What Happens to a Project Without QA?
- Poor Quality: Without QA, there is no systematic, objective way to verify the quality of the output. Products that fail to meet user expectations damage organizational reputation and erode customer trust in ways that are difficult to recover from.
- Undetected Bugs: Without a structured QA process, bugs and errors accumulate in the codebase. These surface as system failures, crashes, or security vulnerabilities in production, where they are far more expensive to address.
- Unforeseen Costs: Defects found after delivery require extra engineering time and resources to fix, often with contractual implications. Research from the IBM Systems Sciences Institute estimates that fixing a bug in production costs 4 to 15 times more than catching it during development.
- Insufficient Test Coverage: Without structured testing, entire user scenarios and edge cases go unverified. Poorly tested software reaches production with the potential to fail in ways that were never considered during development.
Frequently Asked Questions
What is quality assurance in software development?
Quality assurance in software development is the process of systematically verifying that software meets defined requirements, functions correctly under expected conditions, and does not introduce unacceptable risks. It includes test planning, test case design, manual and automated testing, defect reporting, and process improvement. QA is proactive by nature: the goal is to prevent defects, not only detect them.

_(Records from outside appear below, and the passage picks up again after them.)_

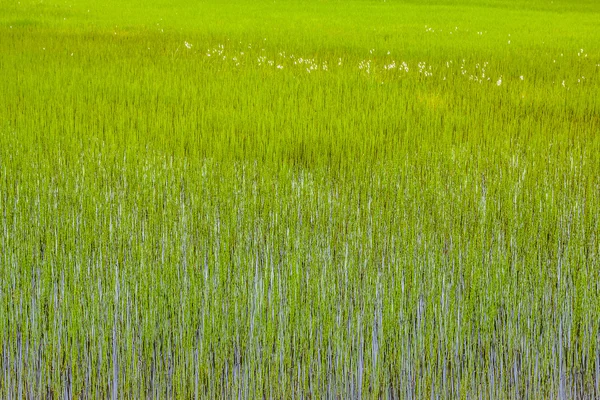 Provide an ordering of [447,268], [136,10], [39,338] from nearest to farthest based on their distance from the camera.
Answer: [39,338], [447,268], [136,10]

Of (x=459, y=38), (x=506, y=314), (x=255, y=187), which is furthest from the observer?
(x=459, y=38)

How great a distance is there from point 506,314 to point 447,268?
652 millimetres

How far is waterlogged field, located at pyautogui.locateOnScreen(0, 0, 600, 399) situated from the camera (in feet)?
13.4

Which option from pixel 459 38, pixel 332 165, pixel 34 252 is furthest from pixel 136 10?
pixel 34 252

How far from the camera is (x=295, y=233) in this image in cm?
567

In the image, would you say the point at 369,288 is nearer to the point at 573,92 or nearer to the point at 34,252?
the point at 34,252

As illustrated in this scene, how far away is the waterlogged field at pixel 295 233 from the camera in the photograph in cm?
409

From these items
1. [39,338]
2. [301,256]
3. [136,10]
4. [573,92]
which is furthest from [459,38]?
[39,338]

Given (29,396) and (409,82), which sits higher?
(409,82)

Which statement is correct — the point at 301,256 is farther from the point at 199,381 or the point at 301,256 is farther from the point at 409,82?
the point at 409,82

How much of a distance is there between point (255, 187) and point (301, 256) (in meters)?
1.34

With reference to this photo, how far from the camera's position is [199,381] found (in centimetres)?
392

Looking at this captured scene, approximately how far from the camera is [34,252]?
543cm

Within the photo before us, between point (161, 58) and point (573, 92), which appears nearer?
point (573, 92) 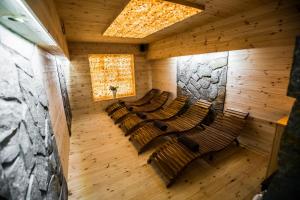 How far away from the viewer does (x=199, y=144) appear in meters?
2.97

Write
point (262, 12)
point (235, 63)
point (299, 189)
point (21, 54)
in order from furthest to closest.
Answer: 1. point (235, 63)
2. point (262, 12)
3. point (21, 54)
4. point (299, 189)

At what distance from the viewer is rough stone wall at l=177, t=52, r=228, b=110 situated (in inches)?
146

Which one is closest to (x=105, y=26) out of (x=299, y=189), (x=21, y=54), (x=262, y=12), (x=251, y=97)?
(x=21, y=54)

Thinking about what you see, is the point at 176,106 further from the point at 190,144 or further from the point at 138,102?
the point at 190,144

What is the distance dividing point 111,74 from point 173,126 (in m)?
3.74

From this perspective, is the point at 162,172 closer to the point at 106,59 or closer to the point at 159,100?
the point at 159,100

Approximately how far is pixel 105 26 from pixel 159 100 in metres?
3.25

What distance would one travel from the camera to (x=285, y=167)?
1.10 m

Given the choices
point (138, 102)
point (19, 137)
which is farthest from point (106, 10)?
point (138, 102)

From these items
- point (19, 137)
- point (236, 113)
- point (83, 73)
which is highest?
point (83, 73)

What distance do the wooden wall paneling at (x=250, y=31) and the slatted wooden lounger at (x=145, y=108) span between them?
2.11 metres

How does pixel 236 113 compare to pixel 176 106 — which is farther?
pixel 176 106

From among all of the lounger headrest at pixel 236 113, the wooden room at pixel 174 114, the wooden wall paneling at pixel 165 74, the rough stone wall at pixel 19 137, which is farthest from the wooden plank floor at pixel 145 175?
the wooden wall paneling at pixel 165 74

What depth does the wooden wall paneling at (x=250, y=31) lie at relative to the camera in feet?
7.08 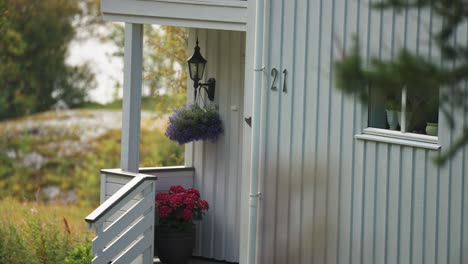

Why is quality assurance important in software development?
QA is important because software defects carry real costs: failed deployments, security breaches, financial losses, and in safety-critical industries, physical harm. Early QA involvement reduces the cost and impact of defects by catching them when they are easiest to fix. It also builds user trust by ensuring the product behaves predictably and reliably across different environments and user groups.
What is the Pesticide Paradox in software testing?
The Pesticide Paradox is a testing principle stating that running the same test cases repeatedly over time reduces their effectiveness, because the bugs those tests can detect have already been found. To maintain testing effectiveness, QA teams must regularly review and update test cases, introducing new scenarios that cover different parts of the system and reflect real-world usage patterns.
When should QA be involved in a software project?
QA should be involved as early as the requirements and design phase. Early participation allows engineers to review specifications for ambiguities, assess mockups for usability issues, and create test documentation in parallel with development. This prevents defect multiplication and reduces the cost of fixes significantly compared to discovering problems after a product is built and deployed.
Conclusion
Quality assurance in software development is not a box to check at the end of the development process. It is a discipline that, applied consistently and early, prevents the kind of failures that are expensive to fix and, in certain industries, dangerous to leave unaddressed. The cases above, from a nuclear power plant interface failure in 1979 to healthcare application bugs caught by unicrew’s QA team, illustrate the same principle: the earlier and more thoroughly QA is integrated into development, the safer and more successful the outcome.